A new book by former Defense Secretary Robert Gates alleges that former Secretary of State Hillary Clinton admitted she opposed the Iraq troop surge for political reasons as she faced Barack Obama in the 2008 Democratic presidential primary.
But a few years before Clinton herself as a U.S. senator in 2003 criticized what she saw as U.S. policy in Iraq being driven by a political agenda.
"Hillary told the president that her opposition to the  surge in Iraq had been political because she was facing him in the Iowa primary," Gates writes. "The president conceded vaguely that opposition to the Iraq surge had been political. To hear the two of them making these admissions, and in front of me, was as surprising as it was dismaying."
Here's the transcript of a December 2003 exchange between Clinton and Katie Couric on NBC's Today Show where Clinton criticizes what she perceives is the Bush administration shifting Iraq strategy based on politics. Clinton had just returned from a Thanksgiving weekend tour of Pakistan, Afghanistan and Iraq with Sen. Jack Reed (D-R.I.).
Couric: Well let me ask you about that exit strategy, because it's been controversial, the notion of having caucuses and indirect elections rather than direct elections has been criticized by the head Shiite cleric and many, obviously, Iraqis are Shiites. Do you think an exit strategy is being crafted at sort of the risk of not establishing a true democracy in Iraq?

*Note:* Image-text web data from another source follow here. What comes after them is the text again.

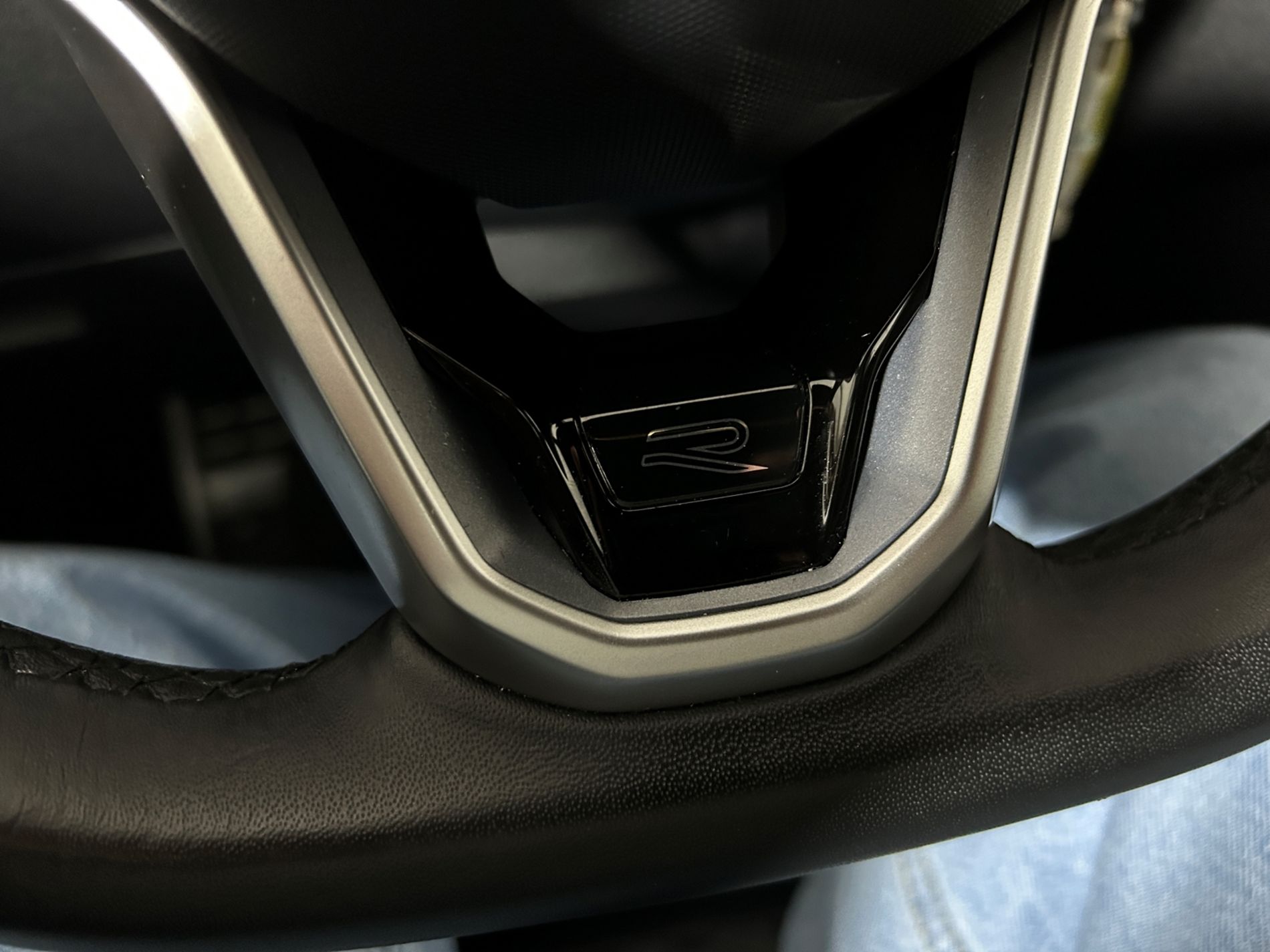 Tiguan R-Line DSG - Autoviemme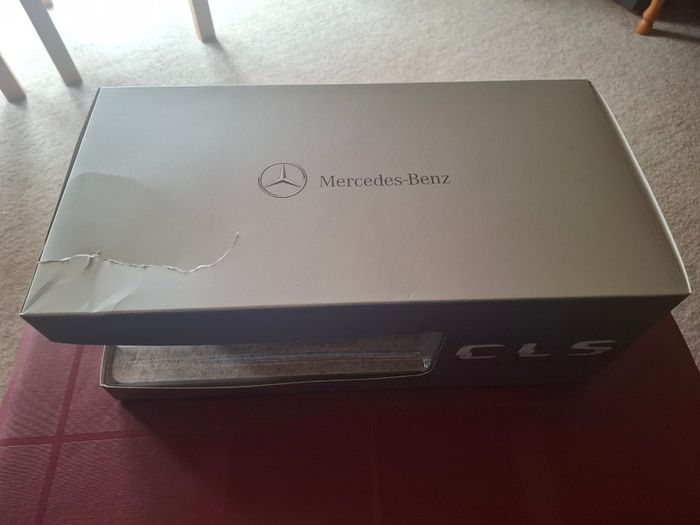Mercedes Benz - Cls-class Estate 2012 - 1/18 - New In Box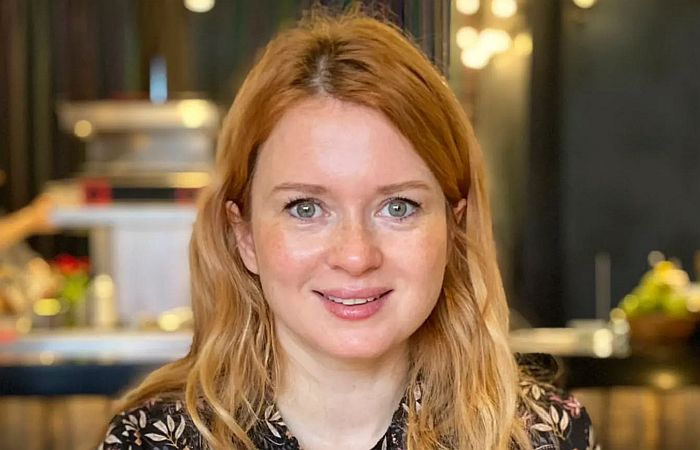 «Живу для себя, а не семьи»: Как выглядят 3 красотки-дочки и сын Екатерины Копановой от моряка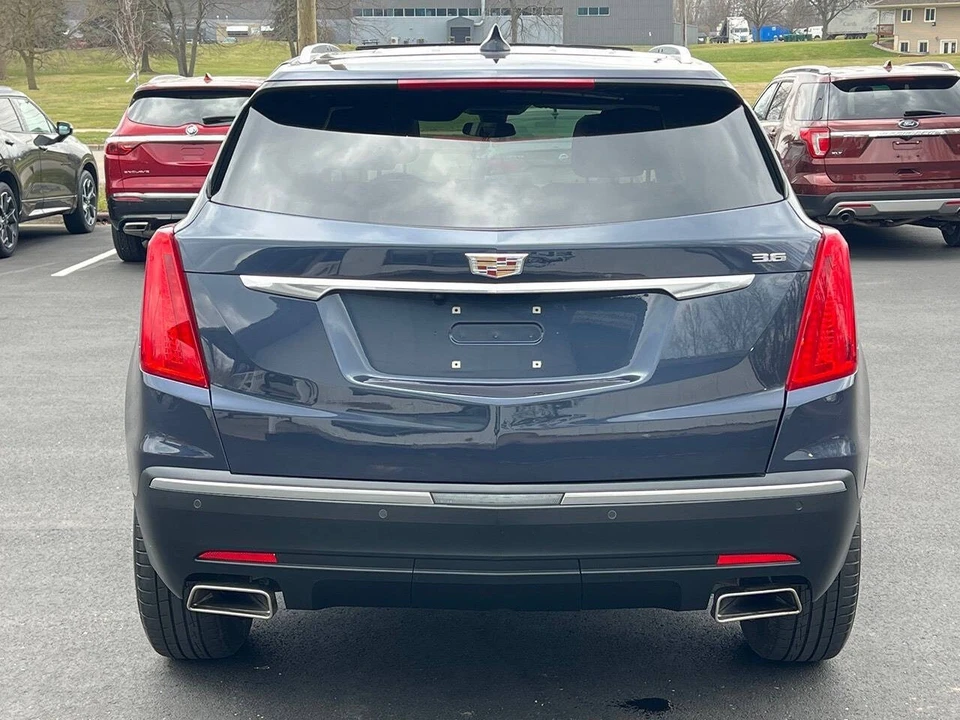 2019 Cadillac XT5 - Image 18 of 21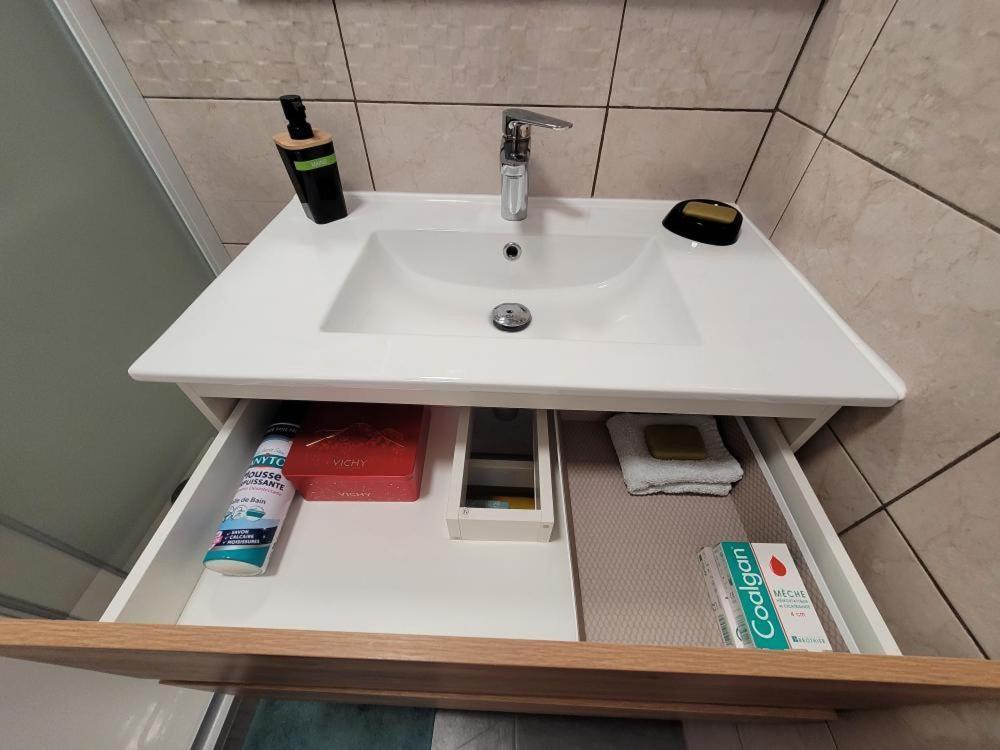 Appartement Salbris- Parking Gratuit Esterno foto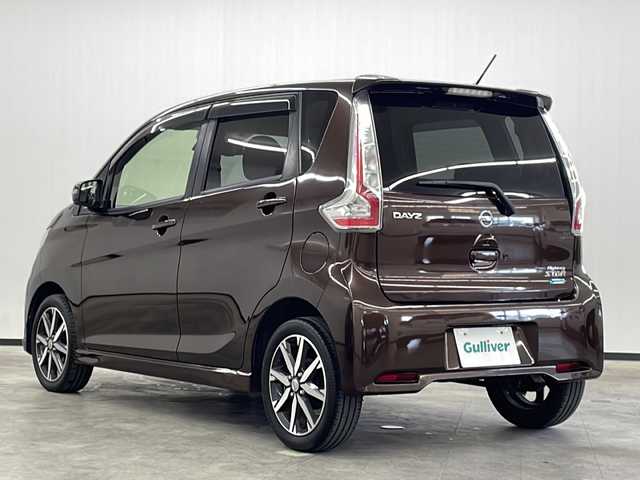 日産 デイズ ハイウェイスターG 長崎県 2016(平28)年 4.9万km モカブラウンパール 衝突被害軽減ブレーキ/社外ナビ(AM/FM/BT/フルセグ/HDMI/CD/DVD/ipod)/全方位カメラ/ETC/スマートキー/横滑り防止装置/スペアキー/オートライト/オートマチックハイビーム/純正アルミホイール/社外フロアマット/ABS/AAC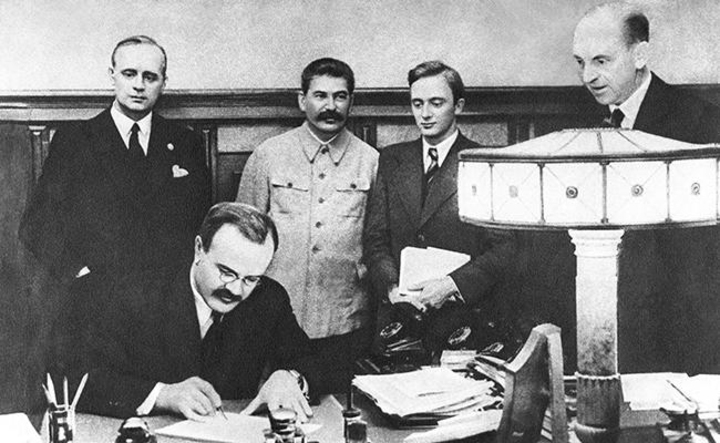 Как Сталин и Гитлер делили Европу.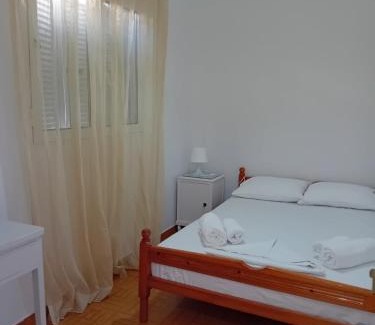 Karlovassi Apartment | Alonaki home 1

Clinton: Well, I think an exit strategy, unfortunately, is being driven by our political calendar, not necessarily what's in the best interest of a long-term stable Iraq. And that's one of the reasons why bringing the U.N. in would be a benefit for the Bush administration as well as the prospects for creating conditions that would lead to democracy. I hope that the administration takes these U.N. talks seriously that are going on. I hope that they will support a return of the United Nations, both in a capacity to determine the direction for self-government and to provide aid on the ground.